А злющие соседки еще подковыривали: «Вот принесет тебе она в подоле, Людмила, тогда спохватишься».
«Ну и принесет, - отвечала моя мужественная мама, - ну и никуда не денусь, нянчить буду, видно, такая судьба».
Соседки настырно ждали, когда же я наконец оправдаю их надежды, так укладывающиеся в их систему воспитания. Я их разочаровала: школу закончила девочкой, а в подоле принесла после института и со штампом в паспорте.
Когда о таких разговорчиках дошло до меня, соседки шумно возмущались маминой бездеятельностью при своих дочках, которые не без удовольствия все и пересказывали мне. «Ах так, тогда я им всем назло рожу этого, как его... ребенка!» И тут я впервые увидела рассердившуюся маму: «Никогда не смей так даже думать! Ребенок не может быть назло кому-то, чему-то. Вопреки всему - да. Но не назло. Это же не наказание, а великая милость, подарок. И родить можно только для любви. Назло! Неужели ты у меня так глупа?» Она не сказала - дура, потому что искренне считала такое слово нехорошим и сроду его не употребляла, не говоря уж про ругательства. Лютая моя ненависть к матам - от нее.
Я тогда даже напугалась, но поняла, что шутить так более не буду, да и не нужен мне был этот ребенок, возись с ним, зачем он мне, а на танцы как ходить?
Когда же я захотела родить ребенка и у меня все не получалось (север даром не проходит!), то я смирненько пролежала на сохранении полгода и при куче диагнозов, против всех показаний, не назло, а вопреки всему родила сынулю. Теперь он большой и умный. И очень похож на свою красивую бабушку, которую вслед за мной зовет «мамочкой». А меня мамулей, чтобы не путаться.
Я порой думаю может, зря мне столько воли давали? Росла бы, как Валя, запудривая синяки и глотая обезболивающие таблетки после трехдневных отсутствий? Тихая скромница...
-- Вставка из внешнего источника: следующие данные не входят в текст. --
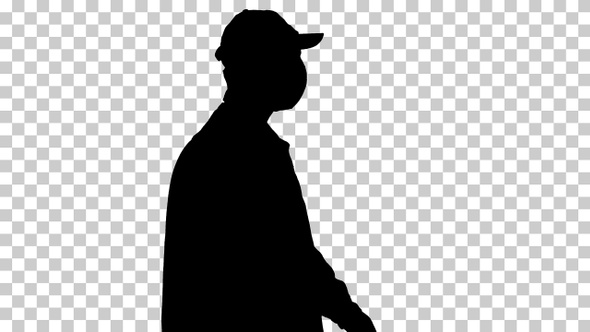 Silhouette farmer in a cap walks along, Alpha Channel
Я училась в институте, когда она покончила с собой. Выпила уксус и в страшных муках умирала. Меня это потрясло. Что там случилось, не знаю, но думаю, часть вины на ее матери, считавшей, что чем суровее, тем лучше. «Чем больше строгости, тем больше и греха». Психология раба и свободного человека рождаются тогда, когда мать шлепает детеныша, чтобы отвязался, или садится рядом и спрашивает: «Что у нас случилось, детка моя родная?»
Я не выросла идеальным человеком, но стала свободной личностью. У меня полно недостатков. Но если есть что-то хорошее - это только от мамочки, ее всепоглощающей любви, всепрощающей доброты и неимоверного терпения. И когда я была в святых местах Израиля, то, неверующая, воинствующая атеистка, я молилась только об одном: «Господи, я знаю, что Ты есть, об одном Тебя прошу
- продли дни моей мамочки, дай ей здоровья. И ничего более, Господи».